▸ DATA:
####

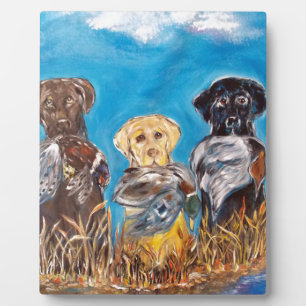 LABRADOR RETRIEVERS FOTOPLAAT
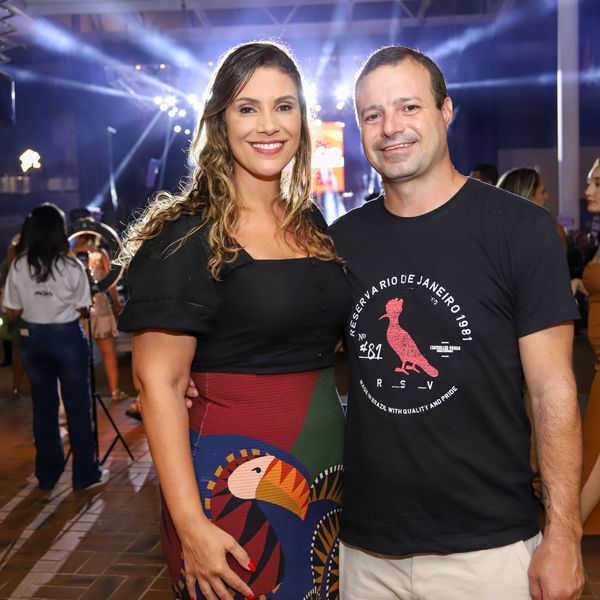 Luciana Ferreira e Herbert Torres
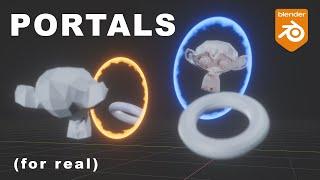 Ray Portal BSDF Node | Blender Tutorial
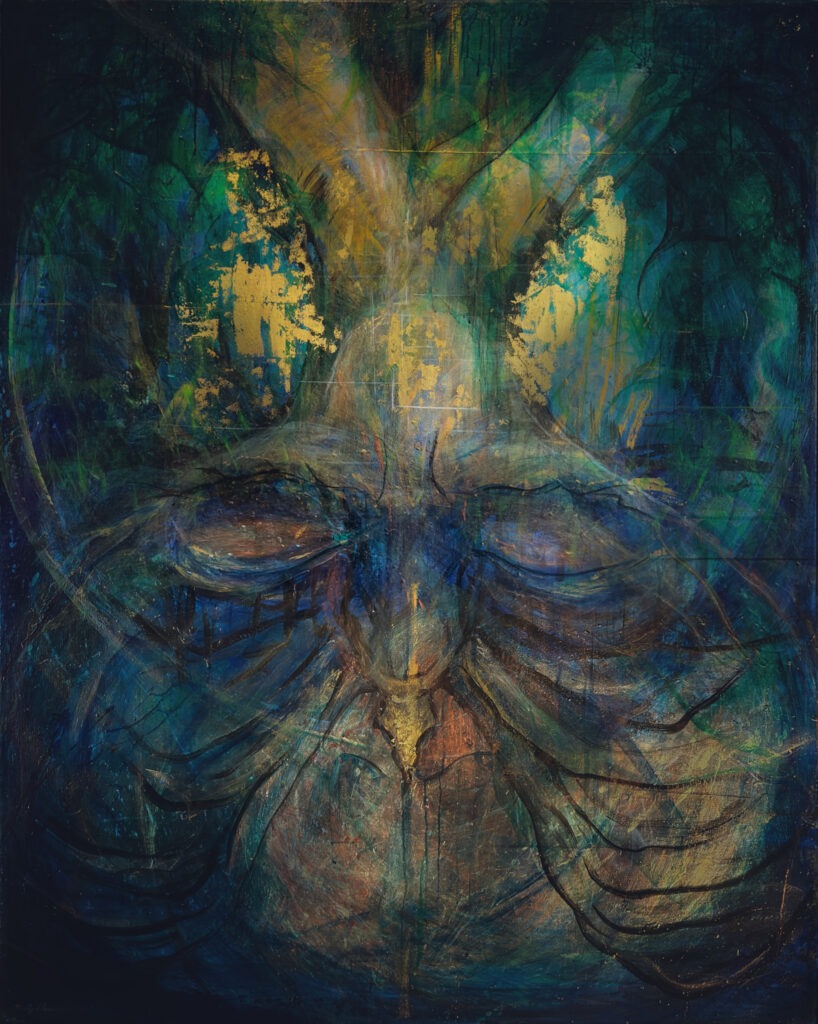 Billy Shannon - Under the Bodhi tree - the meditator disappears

####

▸ PROBLEM DESCRIPTION: Only the pictures are to be left out; all other material is to be output exactly.

▸ RESULT FOR THIS EXERCISE:
 LABRADOR RETRIEVERS FOTOPLAAT
 Luciana Ferreira e Herbert Torres
 Ray Portal BSDF Node | Blender Tutorial
 Billy Shannon - Under the Bodhi tree - the meditator disappears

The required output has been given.